--- START ---

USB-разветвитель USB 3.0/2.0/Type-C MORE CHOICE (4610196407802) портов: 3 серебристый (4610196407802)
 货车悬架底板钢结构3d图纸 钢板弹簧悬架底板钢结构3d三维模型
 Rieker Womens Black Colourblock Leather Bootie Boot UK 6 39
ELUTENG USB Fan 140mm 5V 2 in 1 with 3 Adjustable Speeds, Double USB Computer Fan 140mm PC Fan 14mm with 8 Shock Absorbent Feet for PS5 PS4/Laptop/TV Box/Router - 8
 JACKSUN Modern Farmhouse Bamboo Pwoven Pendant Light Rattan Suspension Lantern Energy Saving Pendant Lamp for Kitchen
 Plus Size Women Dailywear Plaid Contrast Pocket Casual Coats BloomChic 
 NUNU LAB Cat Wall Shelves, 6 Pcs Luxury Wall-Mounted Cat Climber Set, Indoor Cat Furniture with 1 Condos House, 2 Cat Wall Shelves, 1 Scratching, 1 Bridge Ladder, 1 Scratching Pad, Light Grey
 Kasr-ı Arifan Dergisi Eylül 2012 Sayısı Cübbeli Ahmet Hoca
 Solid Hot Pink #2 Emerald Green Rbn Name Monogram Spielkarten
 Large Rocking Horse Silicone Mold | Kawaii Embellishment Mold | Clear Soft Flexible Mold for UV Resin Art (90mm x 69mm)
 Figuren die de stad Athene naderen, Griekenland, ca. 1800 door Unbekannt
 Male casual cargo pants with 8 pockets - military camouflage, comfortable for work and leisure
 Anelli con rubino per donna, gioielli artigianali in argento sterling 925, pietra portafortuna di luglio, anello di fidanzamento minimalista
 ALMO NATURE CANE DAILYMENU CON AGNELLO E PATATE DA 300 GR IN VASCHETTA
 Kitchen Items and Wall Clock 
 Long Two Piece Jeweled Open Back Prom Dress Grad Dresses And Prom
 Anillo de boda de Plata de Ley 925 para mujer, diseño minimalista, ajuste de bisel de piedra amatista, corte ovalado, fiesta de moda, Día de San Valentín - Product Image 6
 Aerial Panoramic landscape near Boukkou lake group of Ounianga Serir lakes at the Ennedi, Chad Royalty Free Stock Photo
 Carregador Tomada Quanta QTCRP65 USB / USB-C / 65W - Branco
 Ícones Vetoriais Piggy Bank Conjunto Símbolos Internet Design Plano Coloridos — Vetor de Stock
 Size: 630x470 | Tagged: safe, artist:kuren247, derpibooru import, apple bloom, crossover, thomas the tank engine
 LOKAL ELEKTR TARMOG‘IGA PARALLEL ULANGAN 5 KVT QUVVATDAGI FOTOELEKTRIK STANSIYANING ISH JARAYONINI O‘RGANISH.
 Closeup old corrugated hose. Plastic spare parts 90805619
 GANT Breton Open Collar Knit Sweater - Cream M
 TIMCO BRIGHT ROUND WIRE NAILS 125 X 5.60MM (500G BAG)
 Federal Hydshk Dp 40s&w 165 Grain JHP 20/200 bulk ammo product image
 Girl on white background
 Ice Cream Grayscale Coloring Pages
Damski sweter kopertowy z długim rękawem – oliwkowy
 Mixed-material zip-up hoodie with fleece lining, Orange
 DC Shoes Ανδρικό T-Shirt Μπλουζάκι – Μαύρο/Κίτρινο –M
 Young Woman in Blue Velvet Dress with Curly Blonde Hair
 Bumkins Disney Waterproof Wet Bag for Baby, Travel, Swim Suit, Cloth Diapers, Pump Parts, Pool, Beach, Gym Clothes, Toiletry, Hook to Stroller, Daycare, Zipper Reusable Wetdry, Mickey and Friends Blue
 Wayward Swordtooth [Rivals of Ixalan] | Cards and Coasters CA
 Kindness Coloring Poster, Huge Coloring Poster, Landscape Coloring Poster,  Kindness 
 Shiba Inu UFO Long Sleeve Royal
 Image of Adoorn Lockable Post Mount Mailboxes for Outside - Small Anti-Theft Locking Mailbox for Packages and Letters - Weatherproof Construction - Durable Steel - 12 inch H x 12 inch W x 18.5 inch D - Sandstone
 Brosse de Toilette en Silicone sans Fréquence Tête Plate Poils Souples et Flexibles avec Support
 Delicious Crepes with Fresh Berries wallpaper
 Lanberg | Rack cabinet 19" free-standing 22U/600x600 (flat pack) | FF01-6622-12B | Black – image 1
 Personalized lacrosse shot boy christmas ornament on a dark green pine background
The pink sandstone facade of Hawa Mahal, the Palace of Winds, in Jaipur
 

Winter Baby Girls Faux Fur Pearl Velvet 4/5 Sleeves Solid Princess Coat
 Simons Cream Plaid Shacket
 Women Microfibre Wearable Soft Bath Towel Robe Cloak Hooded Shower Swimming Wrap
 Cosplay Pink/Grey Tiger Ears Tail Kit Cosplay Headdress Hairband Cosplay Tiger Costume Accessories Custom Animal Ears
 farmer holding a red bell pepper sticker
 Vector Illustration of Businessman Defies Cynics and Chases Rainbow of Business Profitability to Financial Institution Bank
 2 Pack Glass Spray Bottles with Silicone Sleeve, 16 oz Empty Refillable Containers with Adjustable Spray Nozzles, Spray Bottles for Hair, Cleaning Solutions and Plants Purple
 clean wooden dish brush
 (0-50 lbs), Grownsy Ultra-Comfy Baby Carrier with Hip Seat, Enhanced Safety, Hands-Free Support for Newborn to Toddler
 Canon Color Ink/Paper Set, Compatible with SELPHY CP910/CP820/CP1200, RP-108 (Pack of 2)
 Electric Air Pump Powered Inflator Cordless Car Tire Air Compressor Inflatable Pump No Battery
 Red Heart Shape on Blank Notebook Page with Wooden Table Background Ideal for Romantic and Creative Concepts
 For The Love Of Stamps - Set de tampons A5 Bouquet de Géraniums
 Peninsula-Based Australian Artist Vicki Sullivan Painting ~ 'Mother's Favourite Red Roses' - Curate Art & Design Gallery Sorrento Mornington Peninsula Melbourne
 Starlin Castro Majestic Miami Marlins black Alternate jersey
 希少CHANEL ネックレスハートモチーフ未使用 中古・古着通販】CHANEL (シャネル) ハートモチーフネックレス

--- END ---

**Problem requirements:**
The records shown above must be returned in full, exactly as written.

**Result below:**
USB-разветвитель USB 3.0/2.0/Type-C MORE CHOICE (4610196407802) портов: 3 серебристый (4610196407802)
 货车悬架底板钢结构3d图纸 钢板弹簧悬架底板钢结构3d三维模型
 Rieker Womens Black Colourblock Leather Bootie Boot UK 6 39
ELUTENG USB Fan 140mm 5V 2 in 1 with 3 Adjustable Speeds, Double USB Computer Fan 140mm PC Fan 14mm with 8 Shock Absorbent Feet for PS5 PS4/Laptop/TV Box/Router - 8
 JACKSUN Modern Farmhouse Bamboo Pwoven Pendant Light Rattan Suspension Lantern Energy Saving Pendant Lamp for Kitchen
 Plus Size Women Dailywear Plaid Contrast Pocket Casual Coats BloomChic 
 NUNU LAB Cat Wall Shelves, 6 Pcs Luxury Wall-Mounted Cat Climber Set, Indoor Cat Furniture with 1 Condos House, 2 Cat Wall Shelves, 1 Scratching, 1 Bridge Ladder, 1 Scratching Pad, Light Grey
 Kasr-ı Arifan Dergisi Eylül 2012 Sayısı Cübbeli Ahmet Hoca
 Solid Hot Pink #2 Emerald Green Rbn Name Monogram Spielkarten
 Large Rocking Horse Silicone Mold | Kawaii Embellishment Mold | Clear Soft Flexible Mold for UV Resin Art (90mm x 69mm)
 Figuren die de stad Athene naderen, Griekenland, ca. 1800 door Unbekannt
 Male casual cargo pants with 8 pockets - military camouflage, comfortable for work and leisure
 Anelli con rubino per donna, gioielli artigianali in argento sterling 925, pietra portafortuna di luglio, anello di fidanzamento minimalista
 ALMO NATURE CANE DAILYMENU CON AGNELLO E PATATE DA 300 GR IN VASCHETTA
 Kitchen Items and Wall Clock 
 Long Two Piece Jeweled Open Back Prom Dress Grad Dresses And Prom
 Anillo de boda de Plata de Ley 925 para mujer, diseño minimalista, ajuste de bisel de piedra amatista, corte ovalado, fiesta de moda, Día de San Valentín - Product Image 6
 Aerial Panoramic landscape near Boukkou lake group of Ounianga Serir lakes at the Ennedi, Chad Royalty Free Stock Photo
 Carregador Tomada Quanta QTCRP65 USB / USB-C / 65W - Branco
 Ícones Vetoriais Piggy Bank Conjunto Símbolos Internet Design Plano Coloridos — Vetor de Stock
 Size: 630x470 | Tagged: safe, artist:kuren247, derpibooru import, apple bloom, crossover, thomas the tank engine
 LOKAL ELEKTR TARMOG‘IGA PARALLEL ULANGAN 5 KVT QUVVATDAGI FOTOELEKTRIK STANSIYANING ISH JARAYONINI O‘RGANISH.
 Closeup old corrugated hose. Plastic spare parts 90805619
 GANT Breton Open Collar Knit Sweater - Cream M
 TIMCO BRIGHT ROUND WIRE NAILS 125 X 5.60MM (500G BAG)
 Federal Hydshk Dp 40s&w 165 Grain JHP 20/200 bulk ammo product image
 Girl on white background
 Ice Cream Grayscale Coloring Pages
Damski sweter kopertowy z długim rękawem – oliwkowy
 Mixed-material zip-up hoodie with fleece lining, Orange
 DC Shoes Ανδρικό T-Shirt Μπλουζάκι – Μαύρο/Κίτρινο –M
 Young Woman in Blue Velvet Dress with Curly Blonde Hair
 Bumkins Disney Waterproof Wet Bag for Baby, Travel, Swim Suit, Cloth Diapers, Pump Parts, Pool, Beach, Gym Clothes, Toiletry, Hook to Stroller, Daycare, Zipper Reusable Wetdry, Mickey and Friends Blue
 Wayward Swordtooth [Rivals of Ixalan] | Cards and Coasters CA
 Kindness Coloring Poster, Huge Coloring Poster, Landscape Coloring Poster,  Kindness 
 Shiba Inu UFO Long Sleeve Royal
 Image of Adoorn Lockable Post Mount Mailboxes for Outside - Small Anti-Theft Locking Mailbox for Packages and Letters - Weatherproof Construction - Durable Steel - 12 inch H x 12 inch W x 18.5 inch D - Sandstone
 Brosse de Toilette en Silicone sans Fréquence Tête Plate Poils Souples et Flexibles avec Support
 Delicious Crepes with Fresh Berries wallpaper
 Lanberg | Rack cabinet 19" free-standing 22U/600x600 (flat pack) | FF01-6622-12B | Black – image 1
 Personalized lacrosse shot boy christmas ornament on a dark green pine background
The pink sandstone facade of Hawa Mahal, the Palace of Winds, in Jaipur
 

Winter Baby Girls Faux Fur Pearl Velvet 4/5 Sleeves Solid Princess Coat
 Simons Cream Plaid Shacket
 Women Microfibre Wearable Soft Bath Towel Robe Cloak Hooded Shower Swimming Wrap
 Cosplay Pink/Grey Tiger Ears Tail Kit Cosplay Headdress Hairband Cosplay Tiger Costume Accessories Custom Animal Ears
 farmer holding a red bell pepper sticker
 Vector Illustration of Businessman Defies Cynics and Chases Rainbow of Business Profitability to Financial Institution Bank
 2 Pack Glass Spray Bottles with Silicone Sleeve, 16 oz Empty Refillable Containers with Adjustable Spray Nozzles, Spray Bottles for Hair, Cleaning Solutions and Plants Purple
 clean wooden dish brush
 (0-50 lbs), Grownsy Ultra-Comfy Baby Carrier with Hip Seat, Enhanced Safety, Hands-Free Support for Newborn to Toddler
 Canon Color Ink/Paper Set, Compatible with SELPHY CP910/CP820/CP1200, RP-108 (Pack of 2)
 Electric Air Pump Powered Inflator Cordless Car Tire Air Compressor Inflatable Pump No Battery
 Red Heart Shape on Blank Notebook Page with Wooden Table Background Ideal for Romantic and Creative Concepts
 For The Love Of Stamps - Set de tampons A5 Bouquet de Géraniums
 Peninsula-Based Australian Artist Vicki Sullivan Painting ~ 'Mother's Favourite Red Roses' - Curate Art & Design Gallery Sorrento Mornington Peninsula Melbourne
 Starlin Castro Majestic Miami Marlins black Alternate jersey
 希少CHANEL ネックレスハートモチーフ未使用 中古・古着通販】CHANEL (シャネル) ハートモチーフネックレス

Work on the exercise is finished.